For this post I used the dataset company. You can download it from my GitHub Repository.
2 Preparation
For the following examples, I set up a new database.
SET LANGUAGE ENGLISH
CREATE DATABASE Window;
USE Window;
I now import the record company into this database (‘Window’). I have described how to do this here.
SELECT *
FROM company
;
Get an Overview:
SELECT MIN(StartDate) AS oldest_start_date,
MAX(StartDate) AS latest_start_date,
COUNT(*) AS total_num_employees
FROM company
;
3 Window Functions
First of all, what is a Window Function?
The term window describes the set of rows on which the function operates. A window function uses values from the rows in a window to calculate the returned values.
3.1 Simple Window Function
So far, I have solved such tasks in this way:
Here I want to view which people joined the company in January 2020 and how many there were in total for the month.
SELECT Firstname,
Lastname,
DATENAME(month, StartDate) + ' ' + DATENAME(year, StartDate) AS Date_Started,
(SELECT COUNT(*)
FROM company
WHERE MONTH(StartDate) = 1 AND YEAR(StartDate) = 2020) AS total_num_employees_for_january_2020
FROM company
WHERE MONTH(StartDate) = 1 AND YEAR(StartDate) = 2020
ORDER BY StartDate
;
I use the subquery to calculate how many people were hired in January 2020 and get this information tailored to the same time period (second WHERE statement) for each person.
This time with a window function:
SELECT Firstname,
Lastname,
DATENAME(month, StartDate) + ' ' + DATENAME(year, StartDate) AS Date_Started,
COUNT(*) OVER() As total_num_employees_for_january_2020
FROM company
WHERE MONTH(StartDate) = 1 AND YEAR(StartDate) = 2020
ORDER BY StartDate
;
Same output, less code!
Now I no longer filter by january but have all employees who started between 2019 and 2020 output:
SELECT Firstname,
Lastname,
DATENAME(day, StartDate) + ' ' +
DATENAME(month, StartDate) + ' ' +
DATENAME(year, StartDate) AS Date_Started,
COUNT(*) OVER() As total_num_employees
FROM company
ORDER BY StartDate
;
Based on the output, we can see that Zula (first person in the table) was one of 1804 people hired in 2019-2020. For the used window functions all possible aggregate functions like SUM(), AVG(), MIN(), MAX() … can be used.

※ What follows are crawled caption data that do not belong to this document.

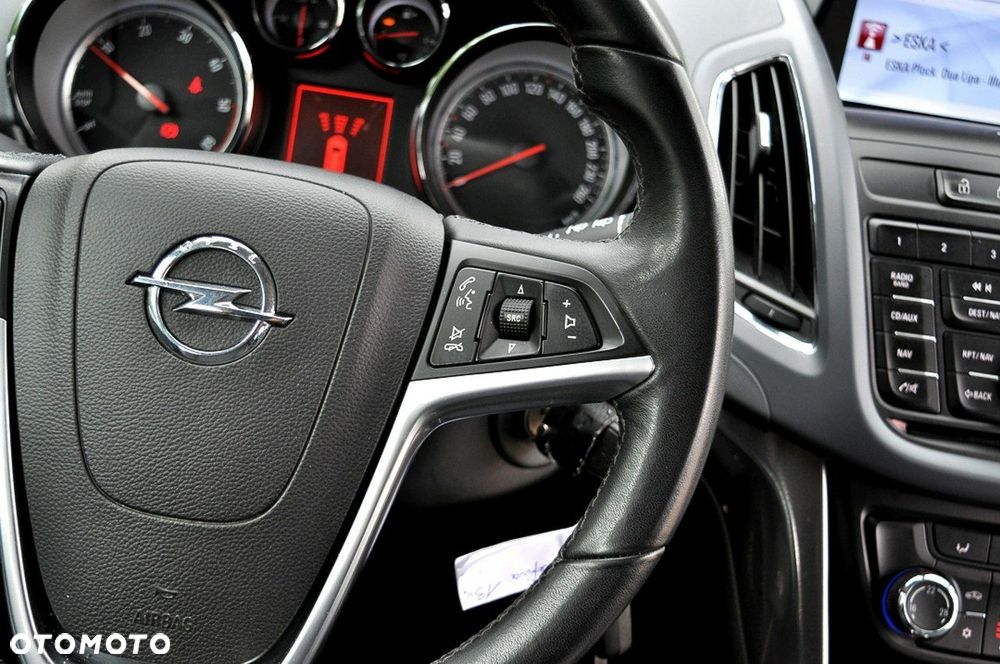 Opel Zafira 2.0 CDTI Cosmo - 28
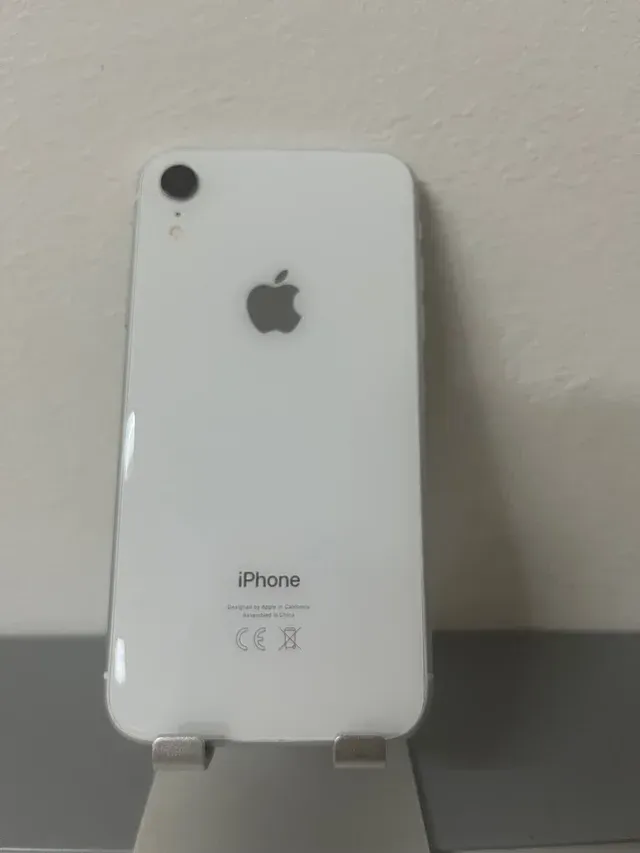 iPhone XR Apple afbeelding 2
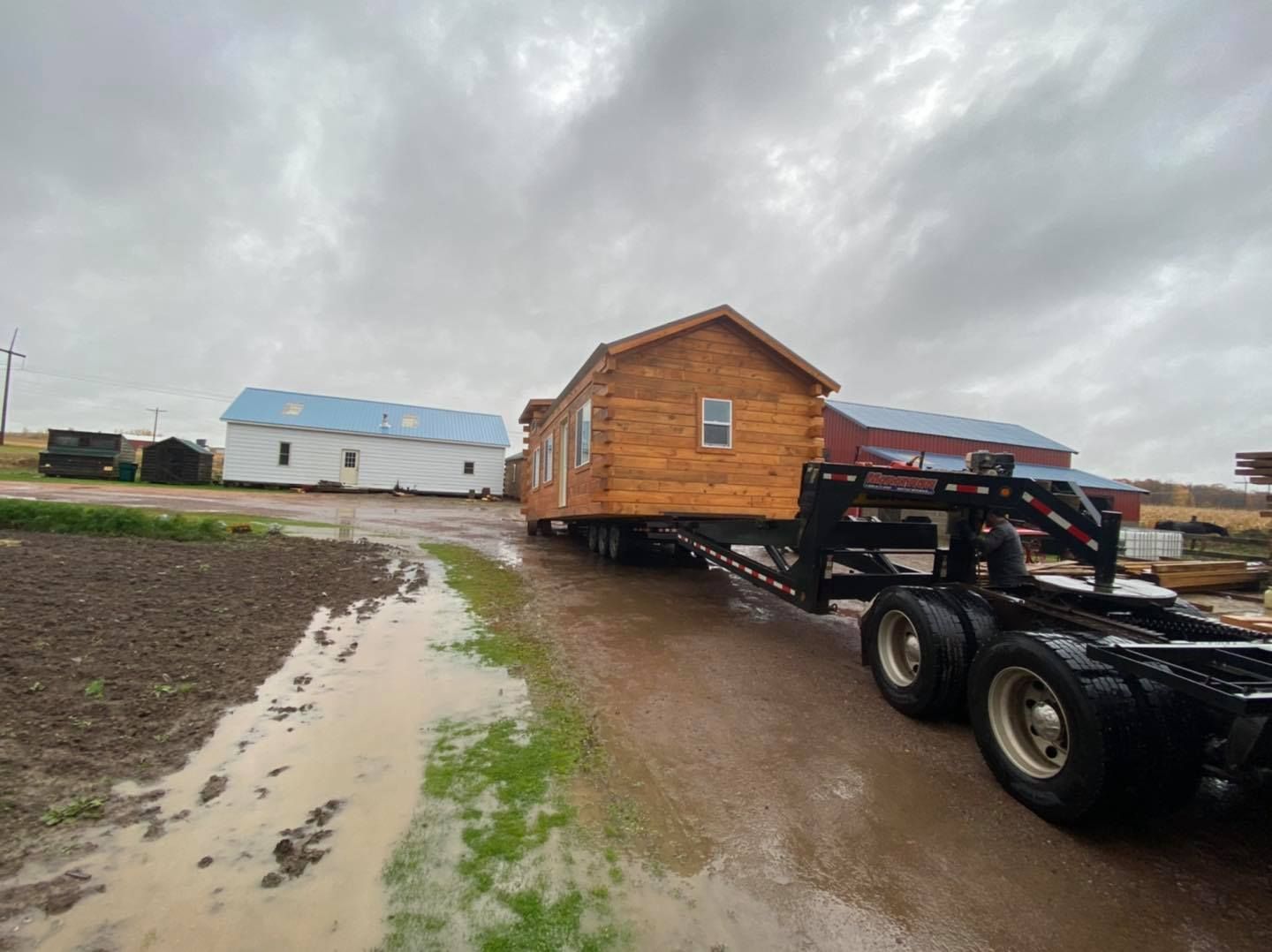  for Yoder Sheds in Greenwood, WI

3.2 PARTITION BY & ORDER BY
Partitions allow you to filter the window into sections by certain values. Each section is called the window frame. Partition by is the ‘group by’ equivalent in a window functions.
SELECT Firstname,
Lastname,
DATENAME(day, StartDate) + ' ' +
DATENAME(month, StartDate) + ' ' +
DATENAME(year, StartDate) AS Date_Started,
COUNT(*) OVER(PARTITION BY StartDate) As total_num_employees
FROM company
;
Here we see that Zula (line 1) was one of 7 people who started on 01/01/2019. In contrast, only one person started on 01/02/2019: Jennette (line 8).

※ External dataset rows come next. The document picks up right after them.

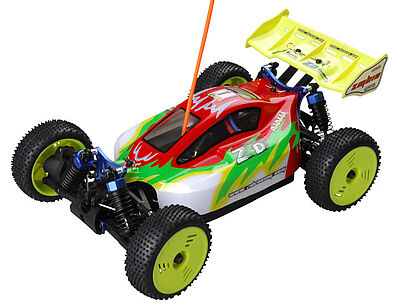 ZD Racing ZMB-16 Buggy Brushless Truck 1:16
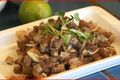 Sisig - Sizzling Filipino Pig Ears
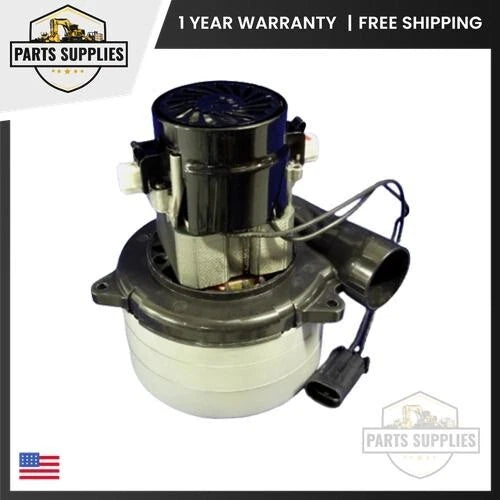 ZD54000 Motor Vacuum for Viper 3 Stage (24Vdc)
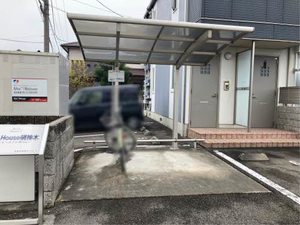 シャーメゾンＲｉ｀ｓｅ（リーゼ） A0103号-13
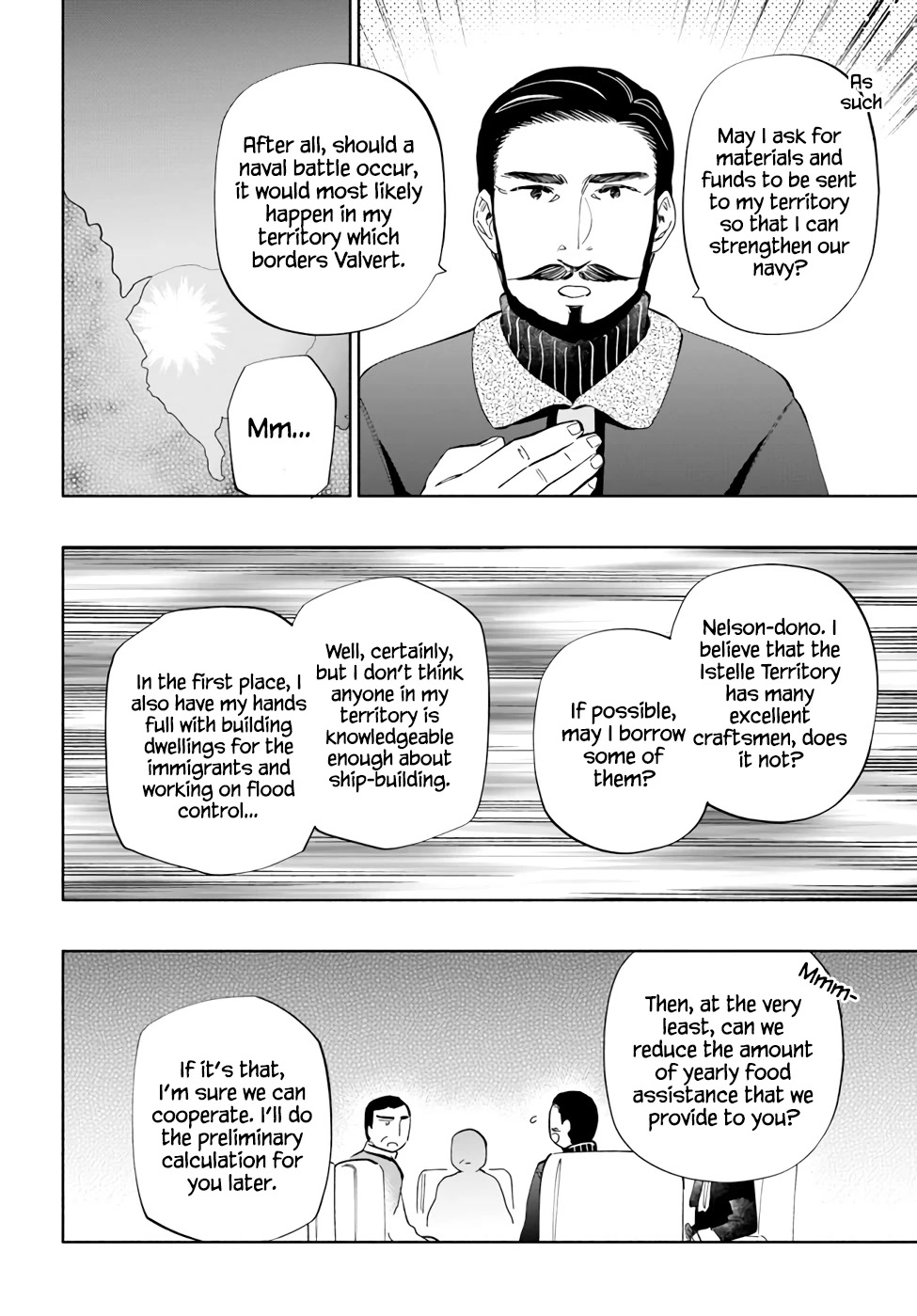 Takarakuji de 40-oku Atattandakedo Isekai ni Ijuu Suru chapter 51 page 35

If we use only ORDER BY instead of PARTITION BY in the OVER statement we get an aggregation of the variable ‘total_num_employees’.
SELECT Firstname,
Lastname,
DATENAME(day, StartDate) + ' ' +
DATENAME(month, StartDate) + ' ' +
DATENAME(year, StartDate) AS Date_Started,
COUNT(*) OVER(ORDER BY StartDate) As total_num_employees
FROM company
;
Let’s notice again Zula in line one we see that she is still one of 7 people who started on 01.01.2019. But if we now look at Jennette (line 8) we see that the total number of employees has increased from 7 to 8 (7 persons on 01/01/2019 and 1 person on 02/01/2019). Jennette is therefore one of 8 people who joined the company before or with her. If we go one line further, it becomes even clearer. Two more people join on 01/03/2019. So far we have had 8 new hires before 01/03/2019, accordingly here the aggregation jumps to 10 (8 previous and 2 for 01/03/2019).

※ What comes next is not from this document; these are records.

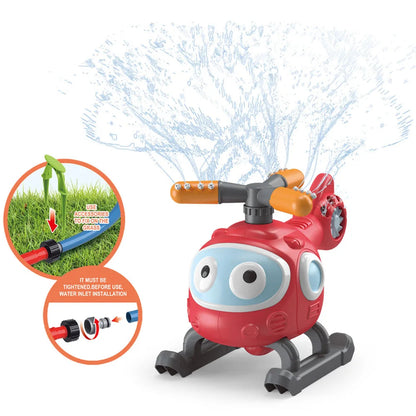 Fun Kids Water Table Play Set with Safe Durable Design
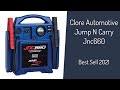 ✅ Clore Automotive Jump N Carry JNC660 1700 Peak Amp 12 Volt Jump Starter Review 2021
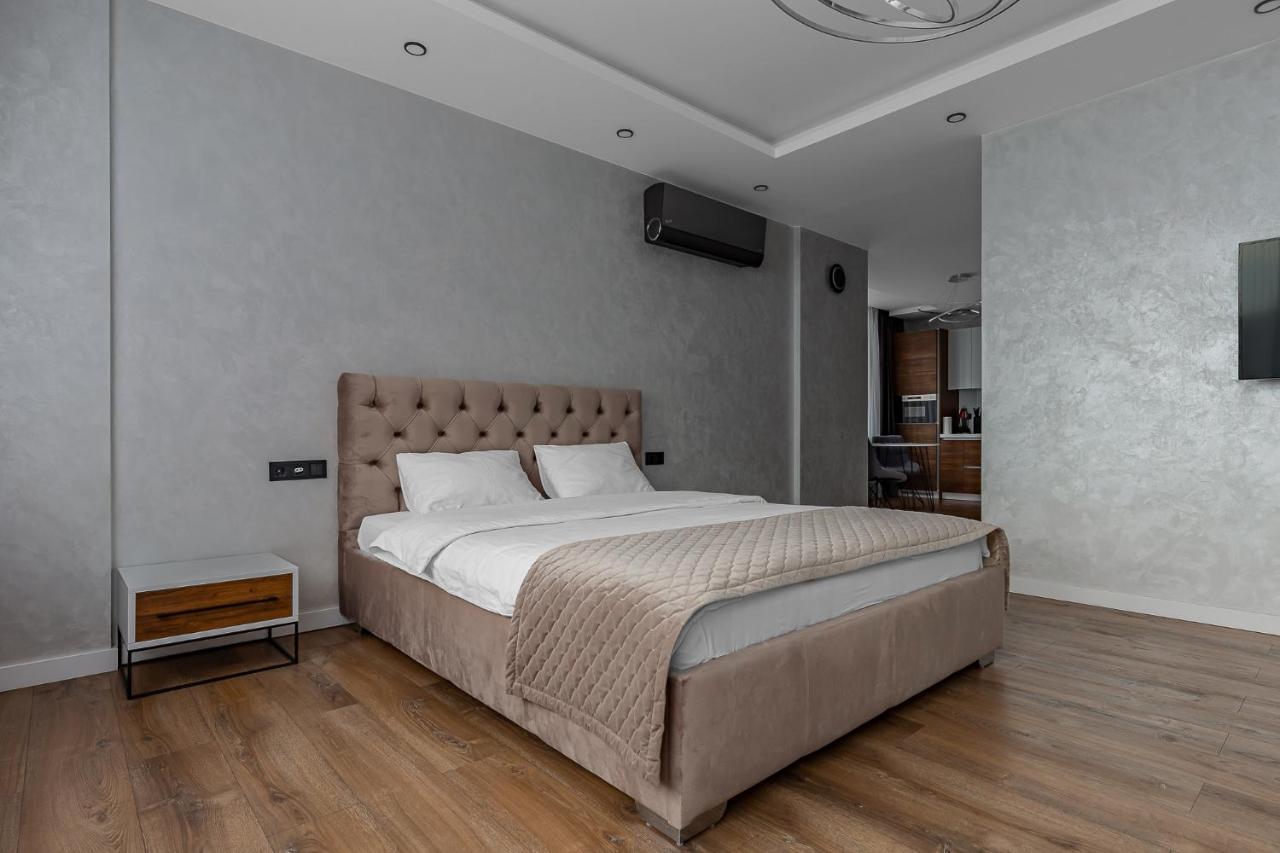 Boutique Hotel Нью Йорк Kiev Dış mekan fotoğraf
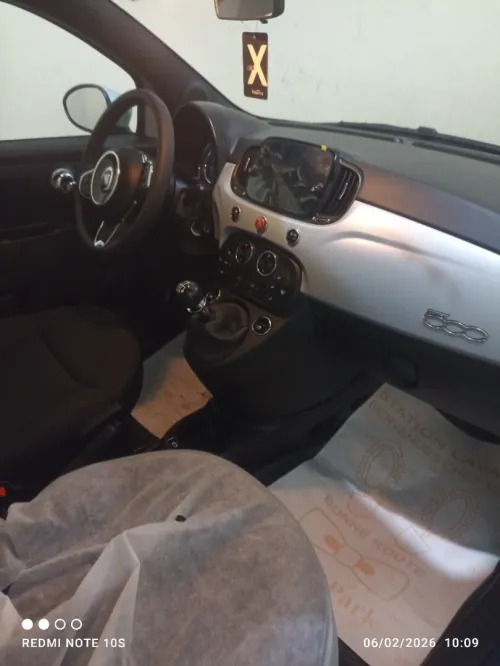 Fiat 500 2025 Dolcevita MIB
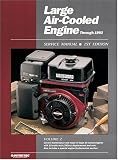 Large Air-Cooled Engine: Service Manual/Through 1992/Les 2-1 (Large Air-Cooled Engine Service Manual, Through 1992)
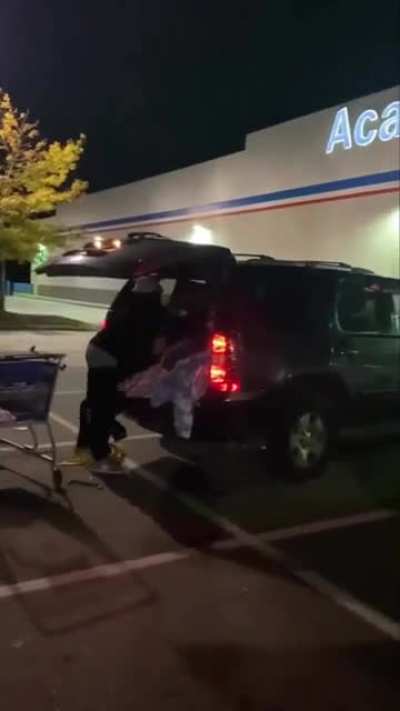 To steal from Academy Sports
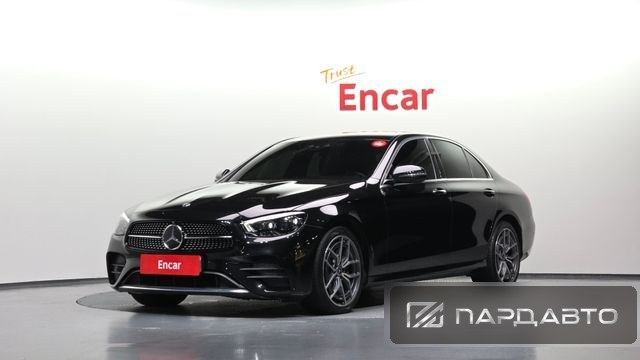 Mercedes-Benz E-Class (W213)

3.3 Multiple Window Functions
SELECT Firstname,
Lastname,
DATENAME(day, StartDate) + ' ' +
DATENAME(month, StartDate) + ' ' +
DATENAME(year, StartDate) AS Date_Started,
COUNT(*) OVER(PARTITION BY YEAR(StartDate)) As total_num_employees_by_year,
COUNT(*) OVER(PARTITION BY MONTH(StartDate)) As total_num_employees_by_month
FROM company
;
Let’s see how we can read this output again: Edna appears in line 1 and is one of 890 people who started working for the company in 2019 and one of 154 who started in a January.
3.3.1 Plausibility Check for Multiple Window Functions
SELECT DATENAME(year, StartDate) AS year,
COUNT(*) AS num_employees_total
FROM company
GROUP BY DATENAME(year, StartDate)
;
SELECT DATENAME(month, StartDate) AS month,
COUNT(*) AS num_employees
FROM company
GROUP BY DATENAME(month, StartDate)
ORDER BY CASE DATENAME(month, StartDate)
WHEN 'January' THEN 1
WHEN 'February' THEN 2
WHEN 'March' THEN 3
WHEN 'April' THEN 4
WHEN 'May' THEN 5
WHEN 'June' THEN 6
WHEN 'July' THEN 7
WHEN 'August' THEN 8
WHEN 'September' THEN 9
WHEN 'October' THEN 10
WHEN 'November' THEN 11
ELSE 12
END
;
From the output shown above with the Window function, we can so far read out how many people started with Edna in 2019 and in a January but not how many people she joined the company together with in January 2019. To get this information we need a multiple PARTITION BY statement.
3.4 Multiple PARTITION BY Statements
SELECT Firstname,
Lastname,
DATENAME(day, StartDate) + ' ' +
DATENAME(month, StartDate) + ' ' +
DATENAME(year, StartDate) AS Date_Started,
COUNT(*) OVER(PARTITION BY YEAR(StartDate)) As total_num_employees_by_year,
COUNT(*) OVER(PARTITION BY MONTH(StartDate)) As total_num_employees_by_month,
COUNT(*) OVER(PARTITION BY YEAR(StartDate), MONTH(StartDate)) As total_num_employees_by_YearMonth
FROM company
;
Now we have gathered all the information we need. So Edna is one of 890 people who started in 2019, one of 154 who started in a January, and one of 72 who started January 2019.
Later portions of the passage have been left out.